RECORDS FOR PROCESSING
+++

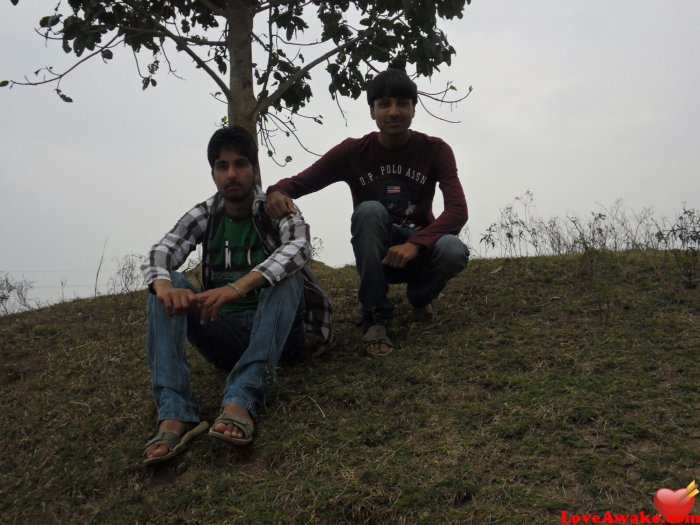 ubhat Indian Man from Srinagar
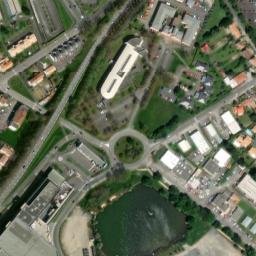 Satellite imagery of Château des Oudairies, FR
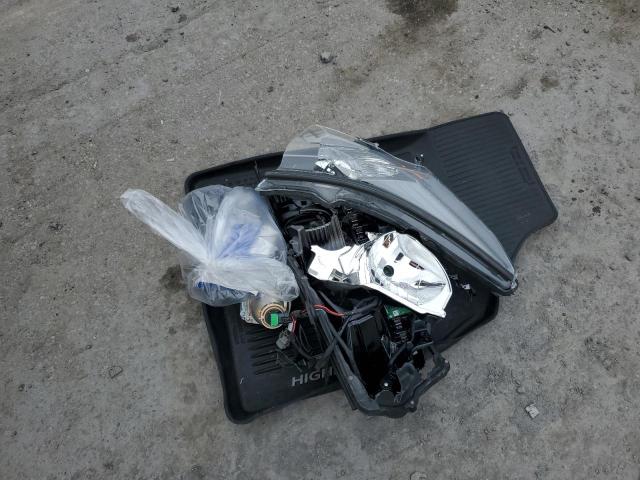 5TDJZRFHXKS603582 - 2019 TOYOTA HIGHLANDER SE RED photo 13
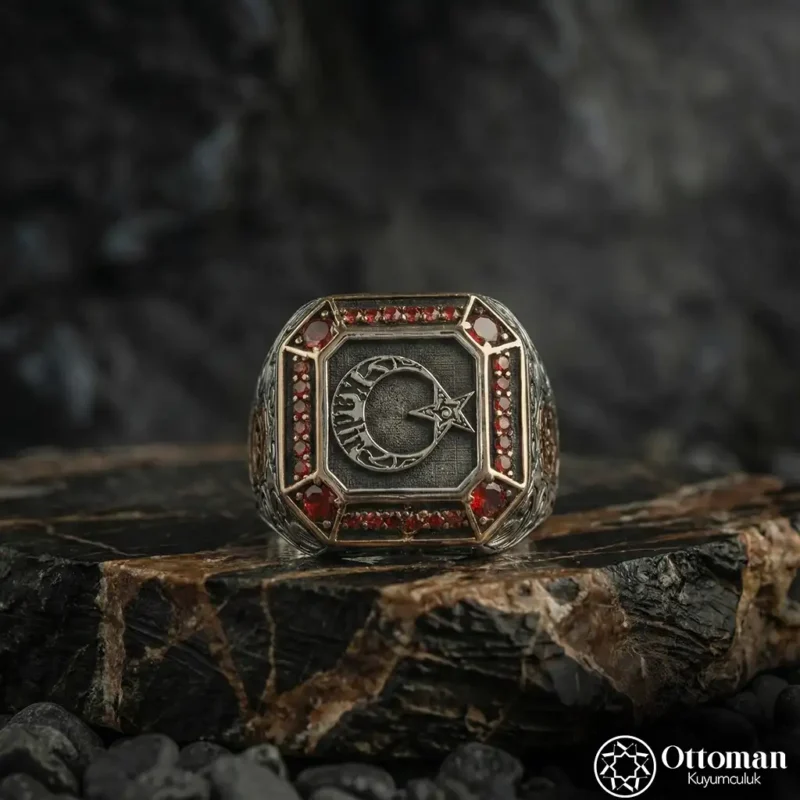 Kişiye Özel Ay Yıldız ve İsimli Gümüş Erkek Yüzük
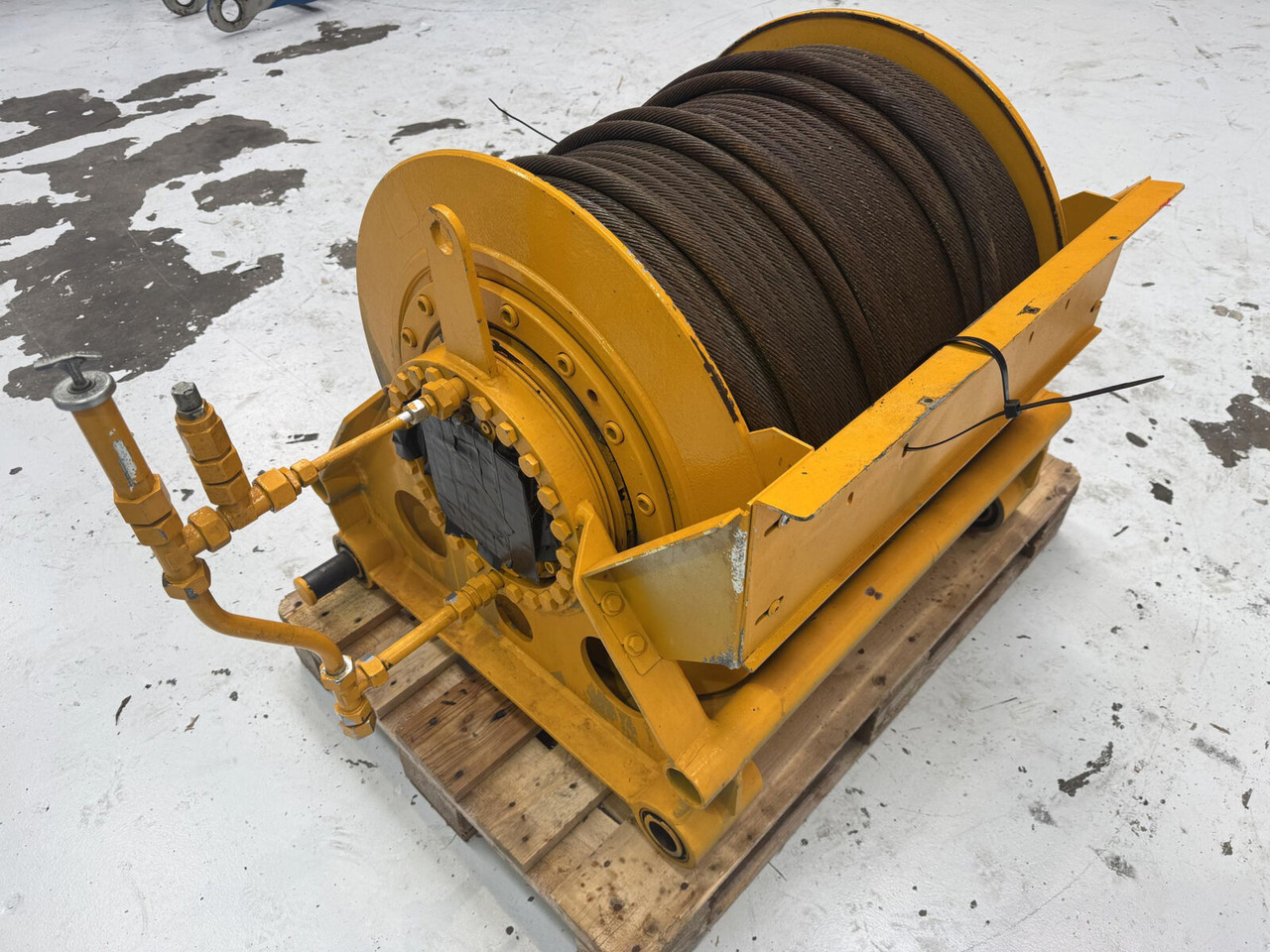 Liebherr LTM 1130-5.1 MAIN HOISTING GEAR PRE-ASS - Naviják pre Autožeriav: obrázok 3 Liebherr LTM 1130-5.1 MAIN HOISTING GEAR PRE-ASS - Naviják pre Autožeriav: obrázok 3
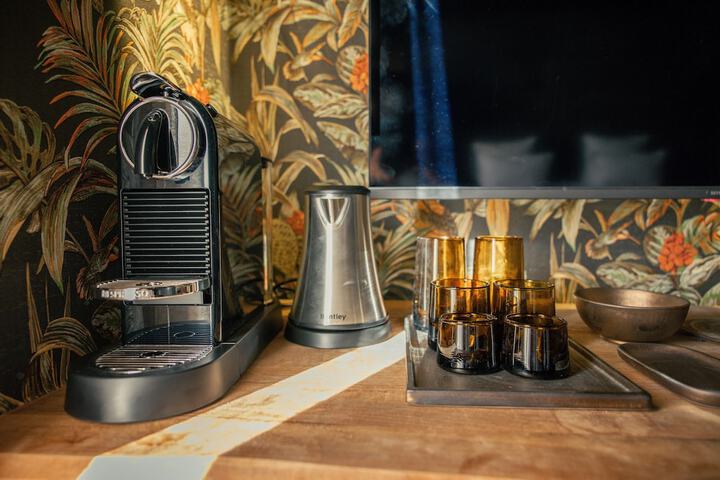 Breakfast/Coffee Service 71 of 152
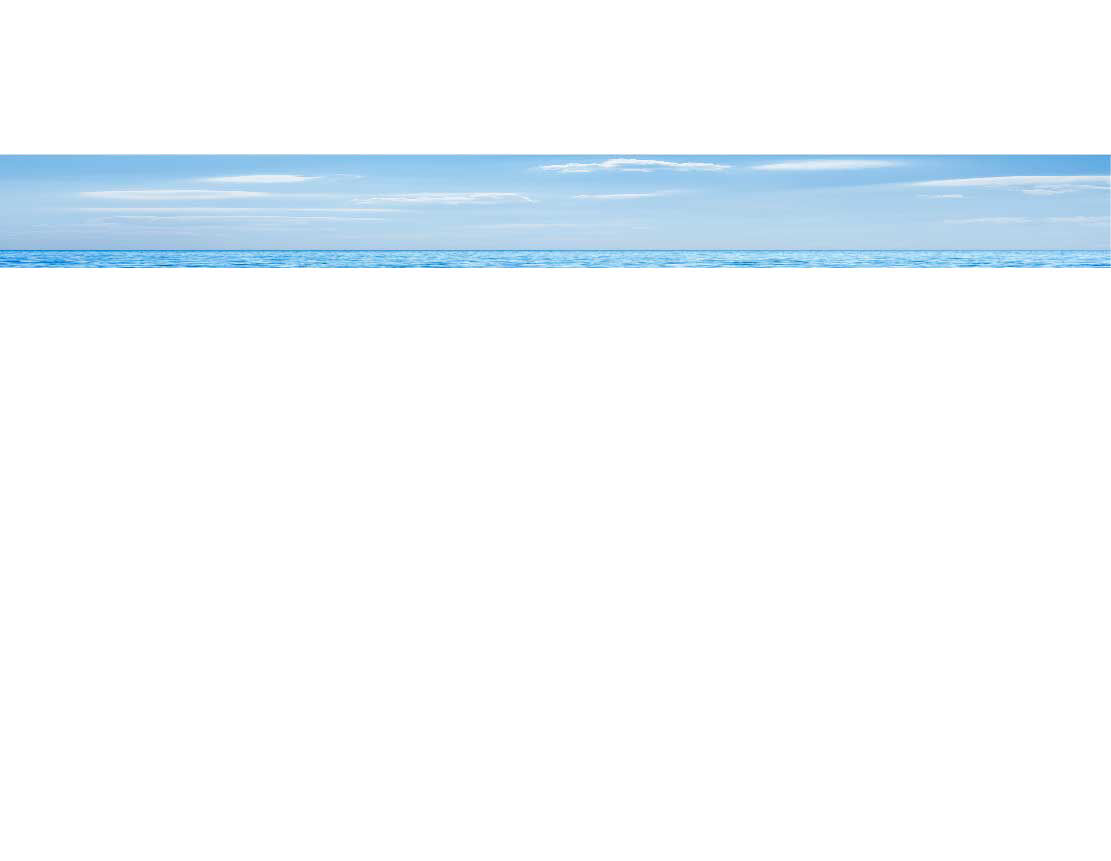 Klarer blauer Himmel über ruhigem Meer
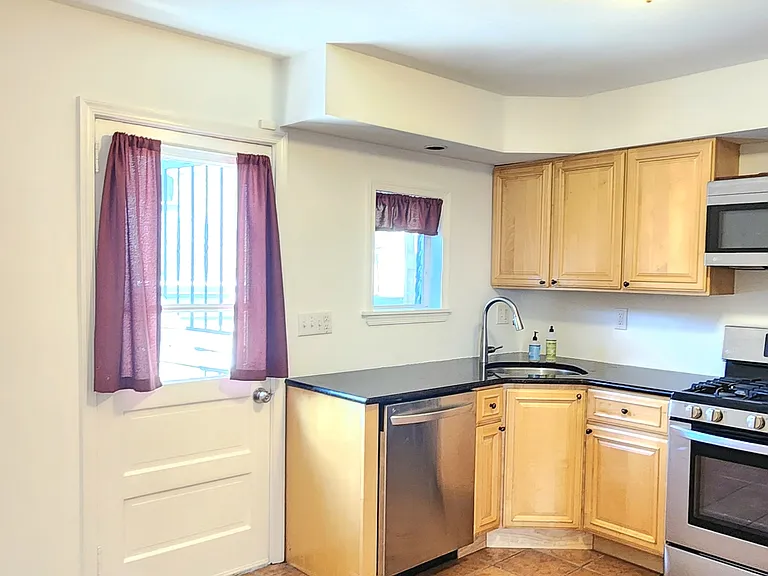 3591 Calumet St — Photo 11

+++

WORK INSTRUCTION
Copy the listing over exactly, skipping the pictures it holds.

ANSWER TO THE EXERCISE
 ubhat Indian Man from Srinagar
 Satellite imagery of Château des Oudairies, FR
 5TDJZRFHXKS603582 - 2019 TOYOTA HIGHLANDER SE RED photo 13
 Kişiye Özel Ay Yıldız ve İsimli Gümüş Erkek Yüzük
 Liebherr LTM 1130-5.1 MAIN HOISTING GEAR PRE-ASS - Naviják pre Autožeriav: obrázok 3 Liebherr LTM 1130-5.1 MAIN HOISTING GEAR PRE-ASS - Naviják pre Autožeriav: obrázok 3
 Breakfast/Coffee Service 71 of 152
 Klarer blauer Himmel über ruhigem Meer
 3591 Calumet St — Photo 11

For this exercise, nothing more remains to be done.